How much does it cost to start a hot shot trucking business?

A realistic startup budget for a solo hot shot owner-operator breaks down as follows: LLC formation ($50-$500), USDOT/MC application ($300 for MC number), BOC-3 filing ($30-$75), UCR registration ($76-$400/year depending on fleet size), IFTA license (typically free to obtain, then quarterly fuel taxes), Primary liability insurance ($6,000-$14,000/year for a new authority — the single largest non-equipment expense), Cargo insurance ($1,200-$3,000/year), Physical damage insurance ($1,500-$4,000/year depending on equipment value), ELD device and subscription ($200-$600 upfront plus $25-$50/month), Load board subscriptions ($35-$150/month for DAT or Truckstop), Used dually truck ($25,000-$45,000), Gooseneck flatbed trailer ($4,000-$12,000), Cargo securement equipment — chains, straps, tarps ($500-$2,000), Working capital for fuel (3 weeks of float before first payment clears, $1,500-$4,000). Total to start, excluding equipment: $10,000-$20,000. Including a solid used rig: $40,000-$75,000. If you're financing the truck, add the down payment (typically 10-20%) and be aware that insurance costs are higher when the lender requires physical damage coverage.

What is a BOC-3 filing and why is it required?

BOC-3 stands for "Designation of Process Agent." Before FMCSA will activate your Motor Carrier operating authority, you must designate a process agent in every state where you operate — these agents accept legal service of process (lawsuits, regulatory notices) on your behalf in each state, so that a plaintiff doesn't need to serve you personally in your home state when suing in another jurisdiction.
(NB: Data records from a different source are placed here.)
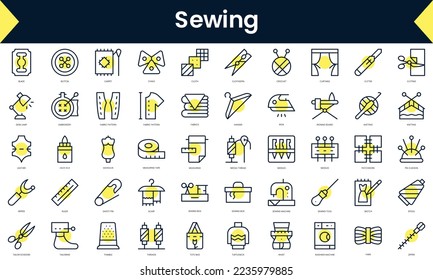 Set of thin line sewing Icons. Line art icon with Yellow shadow. Vector illustration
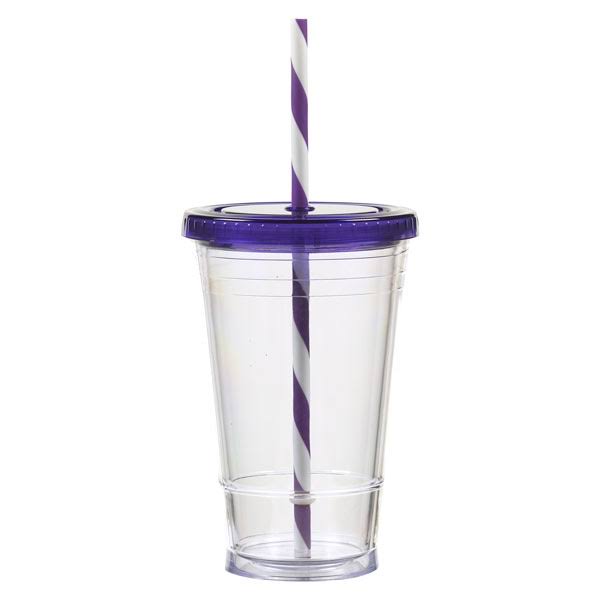 16 oz Double Wall Tumbler with Striped Straw D353
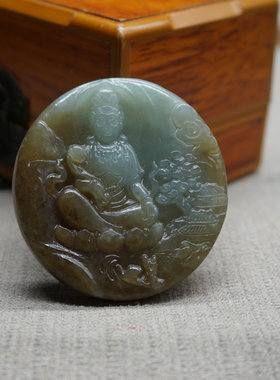 天然和田玉糖青白玉双面山水观音菩萨玉石吊坠挂件玉坠玉佩玉坠佩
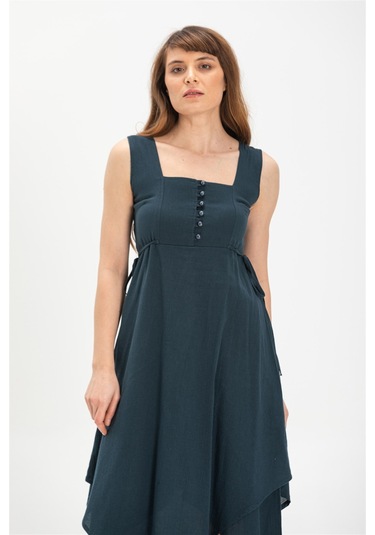 Kolsuz Şile Bezi Üçgen Katlı Midi Boy Elbise Petrol Ptrl Petrol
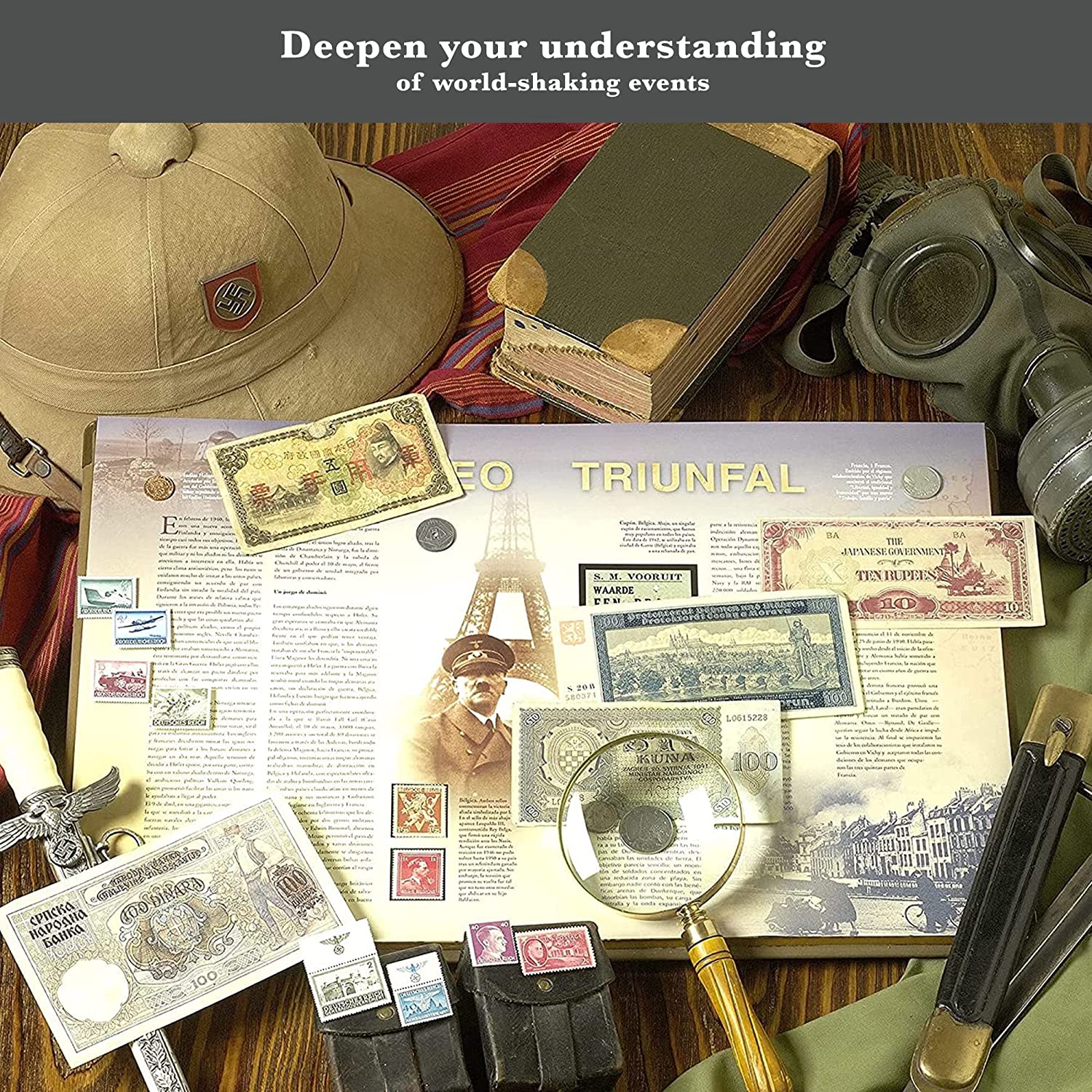 Weltwährung des 2. Weltkriegs – 6 Münzen aus dem 2. Weltkrieg, D-Day-Kollektion (1944). Besondere Erinnerungsstücke aus dem 2. Weltkrieg für Sammler, Echtheitszertifikat inklusive.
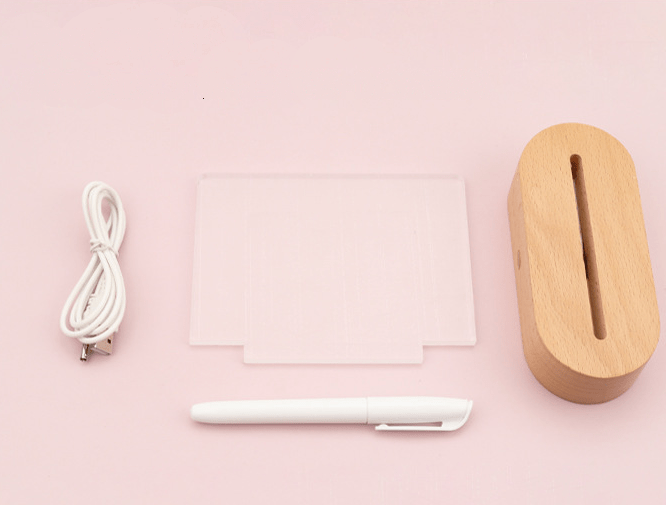 Wood Table Lamp Night Light with Message Board Girl Bedroom Decor - H&A Outlet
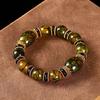 Pulsera de cuentas de ágata natural amarillo verde cuentas de dragón pulsera de jade natural ágata flor de hielo cuentas de barril al por mayor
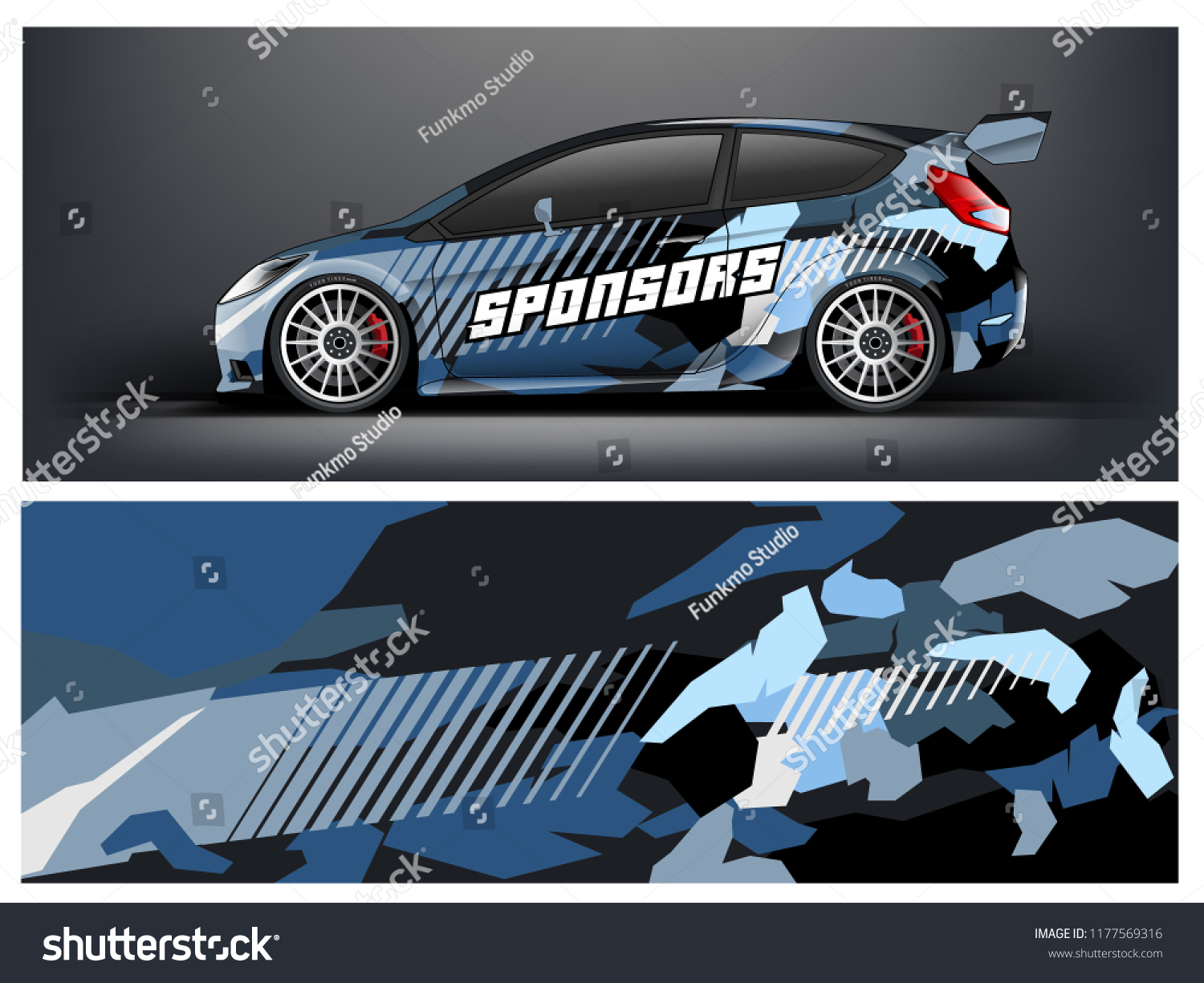 Car wrap graphic racing abstract strip background for wrap and vinyl sticker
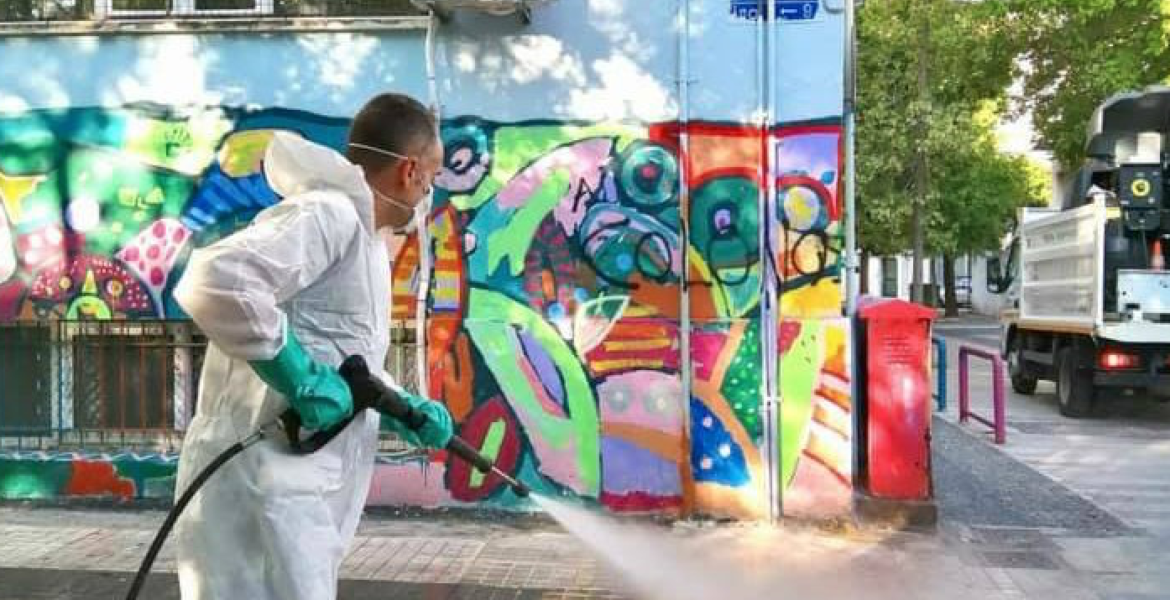 Streets of Athens disinfected to help reduce spread of covid-19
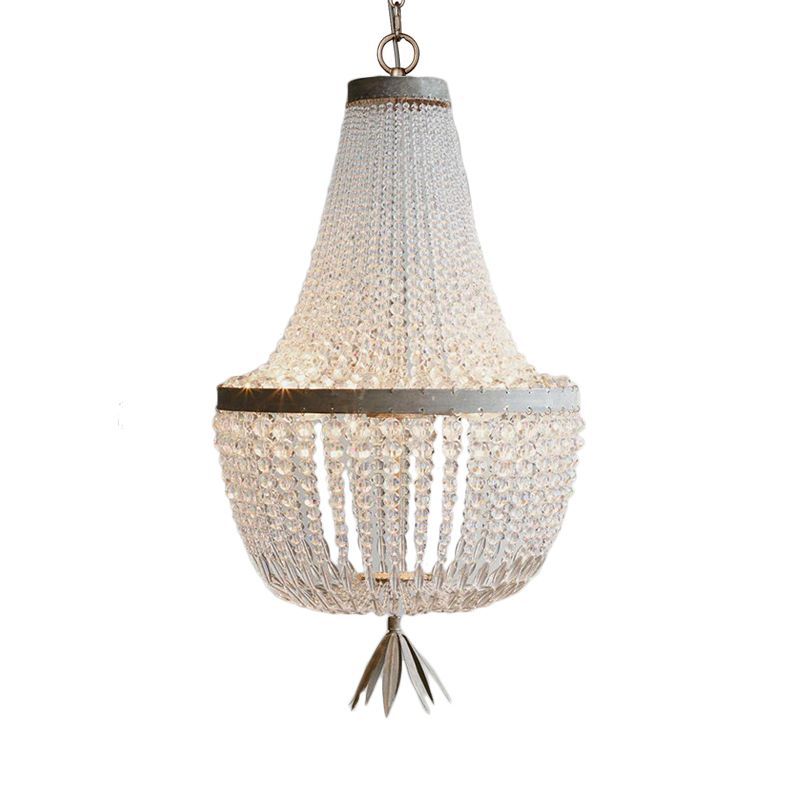 White Gourd Empire Chandelier Nordic Crystal 3 Bulbs Hanging Ceiling Light for Living Room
You cannot file a BOC-3 yourself unless you are designating yourself as agent in every state, which is impractical. Instead, use one of dozens of registered BOC-3 filing services — they maintain networks of agents in all 50 states and file the required Form BOC-3 with FMCSA on your behalf for a one-time fee of $30-$75. The filing must be on file with FMCSA before your authority becomes active. If you add new states to your operating territory or your filing service's agent network changes, your BOC-3 filing must be updated. This is a required, non-optional step — FMCSA's system will not grant operating authority without it.